Some people say that couples who fight often are always on the brink of breaking up, but according to a University of Michigan study, arguments can narrow the distance between you two – as long as it’s done right. Here’s how:
Choose your words carefully.
Experts suggest you use plural nouns such as “we,” “us,” and “our” during arguments since they’re “more likely to express positive feelings and report less mental stress afterward.” Using these kinds of nouns also helps couples “align themselves on the same team, as opposed to being adversaries,” says Benjamin Seider, lead investigator of the study about disagreements among couples.
Set ground rules.
You have to know what your partner’s rules are when it comes to fighting. Maybe they’re bound to walk out the room if there’s a need to clear their head or they tend to raise their voice when they’re intensely angry – once you understand how your beau deals with arguments, it will be easier to get a grasp on the situation so you don’t end up being more annoyed.

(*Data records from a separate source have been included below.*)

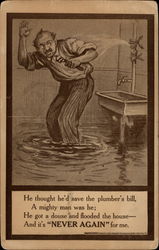 Man holds a wrench while a pipe spews water into a flooded room Postcard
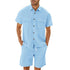 Summer Suits Men Short Sleeve Lapel Pockets Shirt And Drawstring Shorts Sports Fashion Leisure Men&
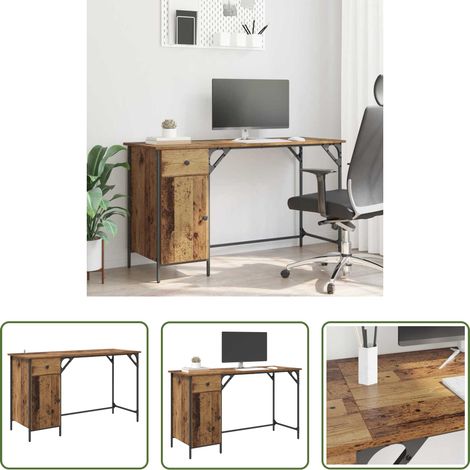 Bureau en bois ancien -  Bureau d'ordinateur avec tiroir Bois Ancien 131 x 48 x 75 cm (1/5)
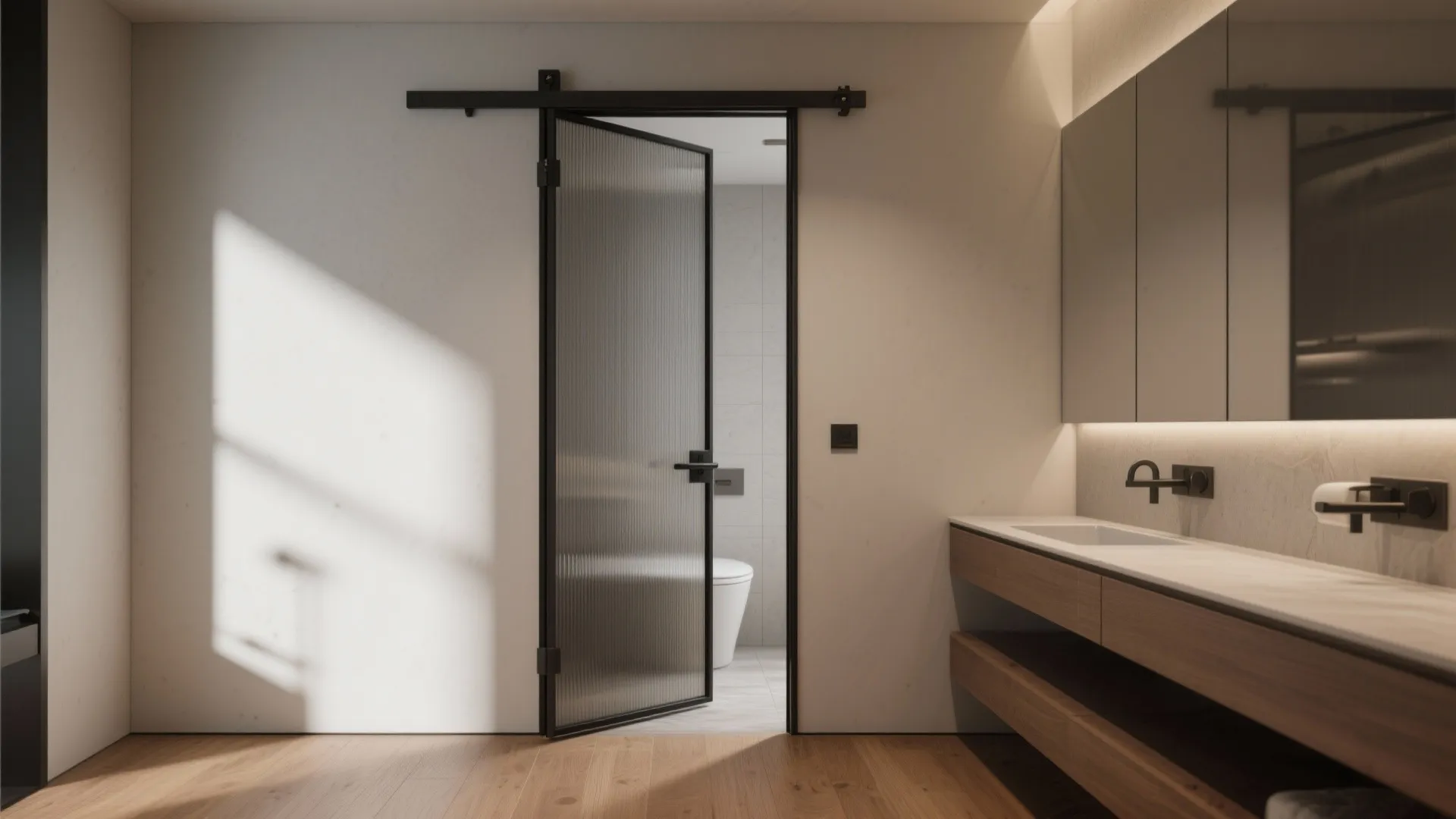 4. Pivot and Offset Doors: Modern Minimalism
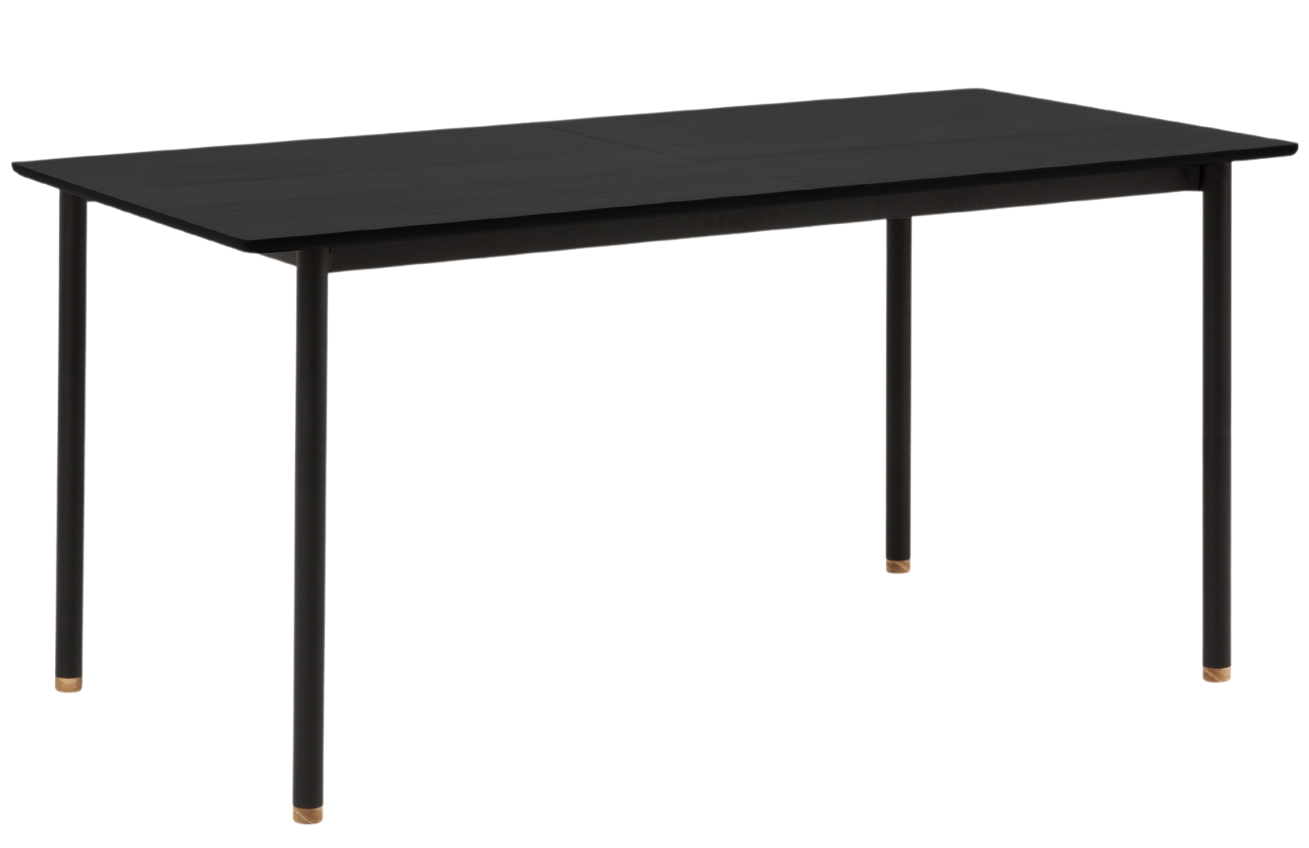 Černý dubový rozkládací jídelní stůl MICADONI KAVIR 120/180 x 80 cm Micadoni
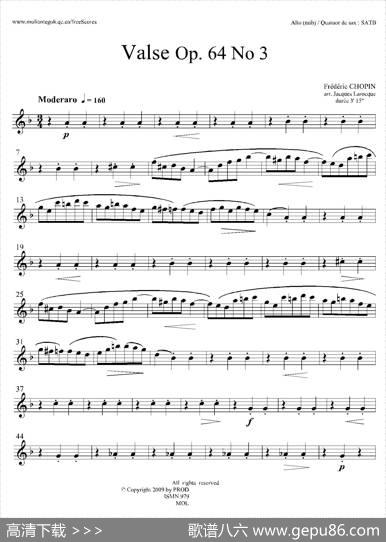 降A大调圆舞曲Op.64No.3（四重奏中音萨克斯分谱）|肖邦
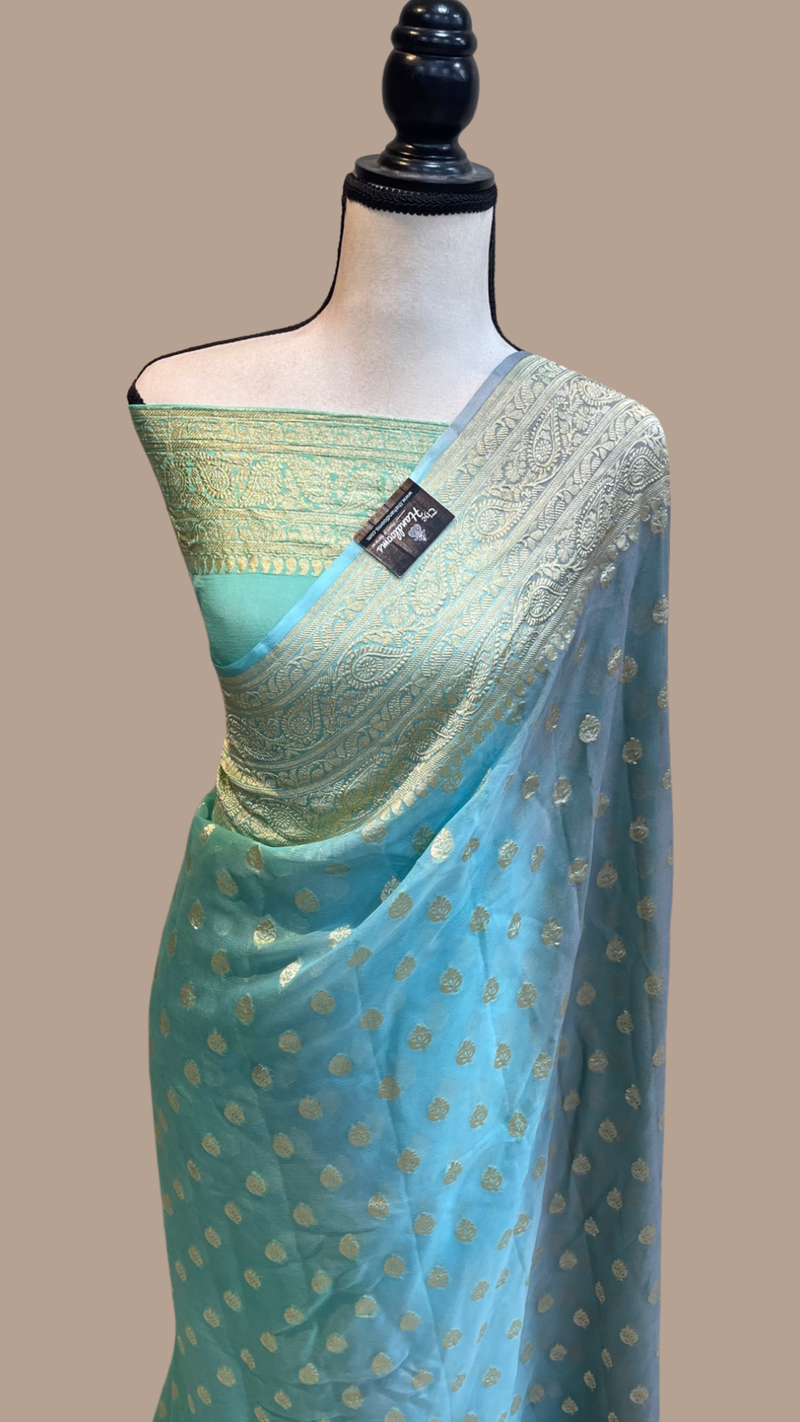 Khaddi Georgette Handloom Banarasi Saree - The Handlooms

You shouldn’t be paranoid when you and your man aren’t on the same page when it comes to certain issues since it only indicates that you’re in a healthy relationship. “It means you’ve become comfortable expressing yourself over time,” says University of Michigan study co-author Kira Birditt, PhD. “Relationships that are close and positive can also be very irritating,” she adds.
It’s important to really listen to what your partner has to say and understand what he’s trying to bring across instead of waiting for him to finish just so you could retort a better argument. “The person who is not being heard will find somebody to listen, and that person will be either a lover or a lawyer,” says Dr. Wendy Walsh, PhD and author of The 30-Day Love Detox.